### Work instructions
Output, exactly as written, the lines below starting at the line containing "Şehit diplomatın kanı" and ending at the line containing "Lepidos（レピドス）の「＜Lepidos Sunny Club＞ラージ". Drop the pictures and keep both end lines.

### Input data

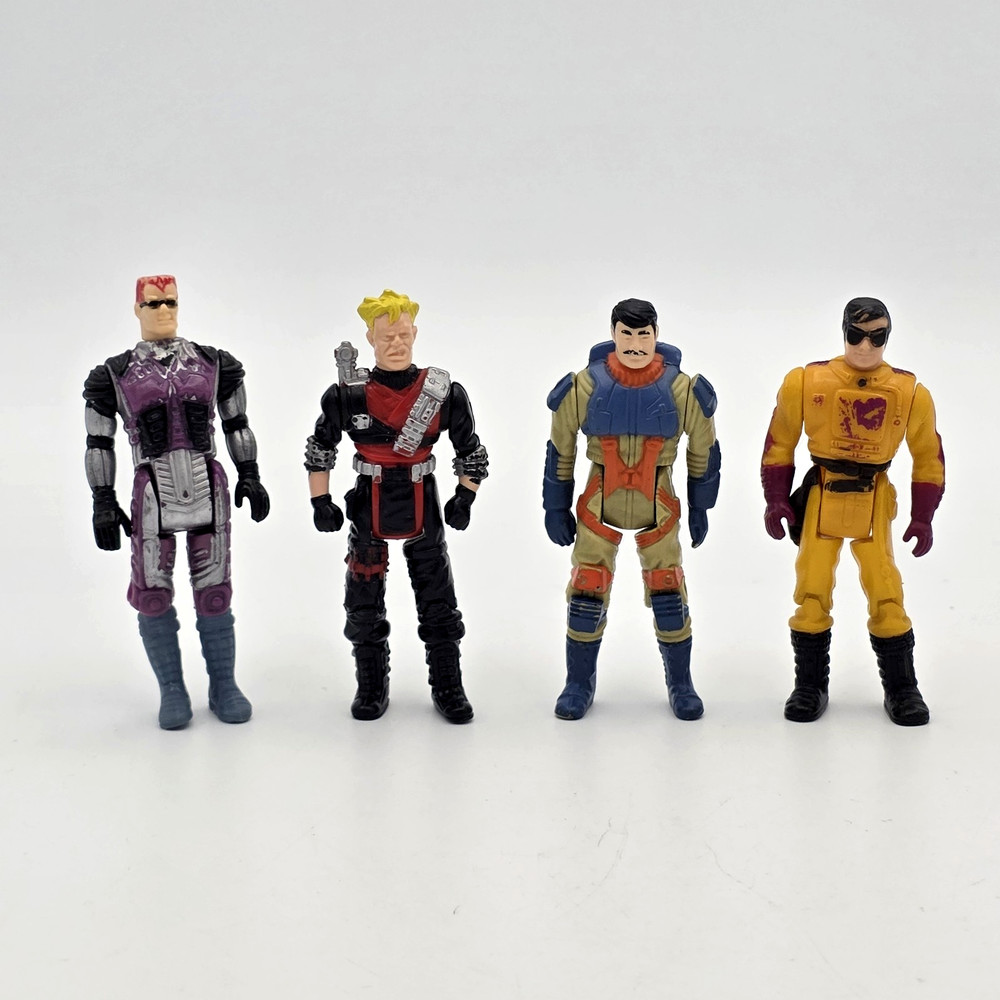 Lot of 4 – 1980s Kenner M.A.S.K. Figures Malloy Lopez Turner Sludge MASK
* * *
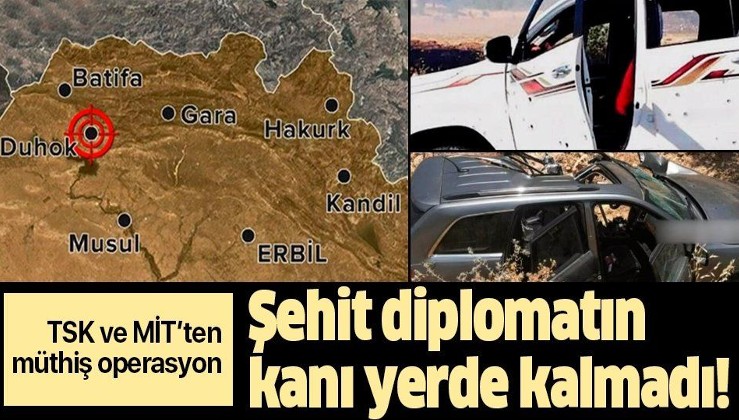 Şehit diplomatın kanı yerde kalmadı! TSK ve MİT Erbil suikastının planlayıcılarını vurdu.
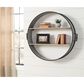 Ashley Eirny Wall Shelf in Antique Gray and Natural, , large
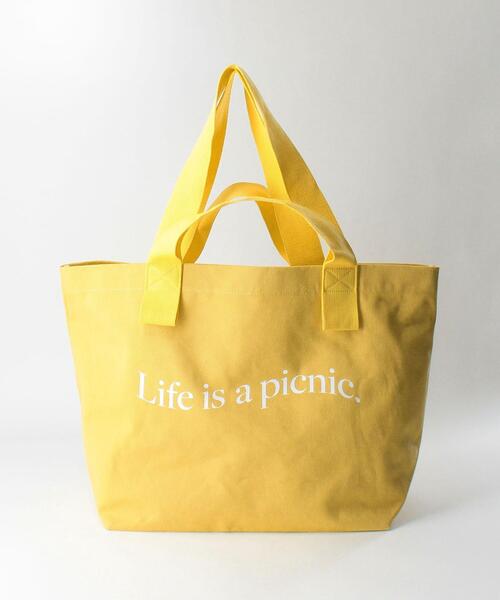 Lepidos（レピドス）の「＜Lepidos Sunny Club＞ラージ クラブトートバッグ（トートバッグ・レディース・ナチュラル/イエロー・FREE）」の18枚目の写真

### Result for this task
 Şehit diplomatın kanı yerde kalmadı! TSK ve MİT Erbil suikastının planlayıcılarını vurdu.
 Ashley Eirny Wall Shelf in Antique Gray and Natural, , large
 Lepidos（レピドス）の「＜Lepidos Sunny Club＞ラージ クラブトートバッグ（トートバッグ・レディース・ナチュラル/イエロー・FREE）」の18枚目の写真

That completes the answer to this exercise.